Secret Ponchos is a very simple game. It works by pitting players against each other in teams of 3v3 (or 2v2 in unranked play), the players then choose characters to play with, each having their own abilities and weapons. These different ‘outlaws’ all have their own personality and simple backstory fitting in with the western theme of the game.
But while all this sounds easy enough, in practice the game has massive depth. Each outlaw reacts with other outlaws in different ways, creating an interesting system of counters and compliments. Each outlaw also has different benefits depending on the map being played, on a map with lots of available cover, a melee outlaw will outplay a ranged one and so on…
The numerous possibilities of the game really do make it something interesting and the objectives do allow for a lot of experimentation. Whether its a free-for-all, an arena deathmatch or just a team deathmatch where you must achieve five more kills than the enemy. These create very intense scenarios for you to play out and I was often on the edge of my seat or screaming at my monitor when I was playing.
Secret Ponchos also includes a crude upgrade system, allowing you to designate points to various different stats. Levels are gained by earning reputation, in the form of dollars. Meaning it can be lost as well as modified depending on the type of opponents you are playing. Facing higher level players will reward more reputation
This is where we run in to the first major problem with the game. With the stat boosts higher-level players have, matchmaking needs to be on point. However the community for the game is so small that it often takes a few minutes to even find a game and then the players it finds may be so massively above or below you that it makes for a really unfair game. It really is a shame because with a larger community, Secret Ponchos could really turn around to be a very competitive game with many different metas and experimentation happening however it just isn’t there at the moment.

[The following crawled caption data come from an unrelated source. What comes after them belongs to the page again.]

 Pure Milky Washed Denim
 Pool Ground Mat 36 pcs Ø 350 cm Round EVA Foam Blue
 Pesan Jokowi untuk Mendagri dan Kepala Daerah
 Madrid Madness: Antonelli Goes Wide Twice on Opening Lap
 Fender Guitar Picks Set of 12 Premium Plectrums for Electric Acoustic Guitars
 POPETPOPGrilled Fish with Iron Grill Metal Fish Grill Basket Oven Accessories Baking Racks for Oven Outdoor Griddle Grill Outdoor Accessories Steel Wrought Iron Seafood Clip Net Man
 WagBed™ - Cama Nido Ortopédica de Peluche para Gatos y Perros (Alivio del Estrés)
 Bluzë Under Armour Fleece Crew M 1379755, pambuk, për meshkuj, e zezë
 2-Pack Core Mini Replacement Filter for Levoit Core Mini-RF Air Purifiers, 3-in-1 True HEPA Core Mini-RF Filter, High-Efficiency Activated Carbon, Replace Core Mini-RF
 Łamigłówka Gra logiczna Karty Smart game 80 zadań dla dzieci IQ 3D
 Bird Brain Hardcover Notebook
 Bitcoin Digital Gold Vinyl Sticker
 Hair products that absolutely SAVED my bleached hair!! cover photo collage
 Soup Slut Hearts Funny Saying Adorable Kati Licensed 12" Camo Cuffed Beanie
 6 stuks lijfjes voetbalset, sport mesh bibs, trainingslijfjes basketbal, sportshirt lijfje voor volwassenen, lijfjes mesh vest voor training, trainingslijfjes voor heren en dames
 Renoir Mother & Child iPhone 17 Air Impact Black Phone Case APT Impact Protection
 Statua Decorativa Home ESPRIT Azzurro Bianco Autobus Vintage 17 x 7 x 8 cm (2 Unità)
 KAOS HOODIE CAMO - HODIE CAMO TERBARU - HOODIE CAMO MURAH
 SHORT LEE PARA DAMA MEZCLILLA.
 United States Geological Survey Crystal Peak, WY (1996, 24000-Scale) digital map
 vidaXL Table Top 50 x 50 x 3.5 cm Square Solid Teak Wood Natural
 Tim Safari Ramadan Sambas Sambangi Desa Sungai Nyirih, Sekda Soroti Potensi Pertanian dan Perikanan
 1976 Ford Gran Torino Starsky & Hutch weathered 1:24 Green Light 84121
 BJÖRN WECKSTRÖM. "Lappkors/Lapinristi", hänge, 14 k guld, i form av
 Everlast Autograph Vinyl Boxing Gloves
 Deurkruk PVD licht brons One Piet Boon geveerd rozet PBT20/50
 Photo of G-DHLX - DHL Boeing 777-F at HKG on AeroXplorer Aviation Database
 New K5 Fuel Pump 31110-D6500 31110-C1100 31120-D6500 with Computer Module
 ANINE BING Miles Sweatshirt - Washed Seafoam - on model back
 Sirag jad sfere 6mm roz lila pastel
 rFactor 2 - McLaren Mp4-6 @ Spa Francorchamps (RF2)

There also some PC specific issues. Things like no mouse-control in the menus and the move list only being available in-game are really not excusable. There are also some polish issues with the camera sometimes clipping through the environment when a match ending kill happens.
This game really is something special. I’ve no doubt that this could turn in to a regular competitive game for many players out there. It just has so much depth and numerous possibilities with an irresistible charm. However the severe lack of community the game suffers from really does hinder the experience. Some polish is needed here and there but it is worth checking out if you feel it would interest you. Just make sure to keep an eye on the player stats before buying.
Check out me and Jesse playing the game for the first time on stream:
This game was reviewed on PC (Steam) with the most recent patch as of writing. The developer supplied review code and no crashes or severe bugs were experienced, however one bug was found in an earlier build of the game which has since been eliminated.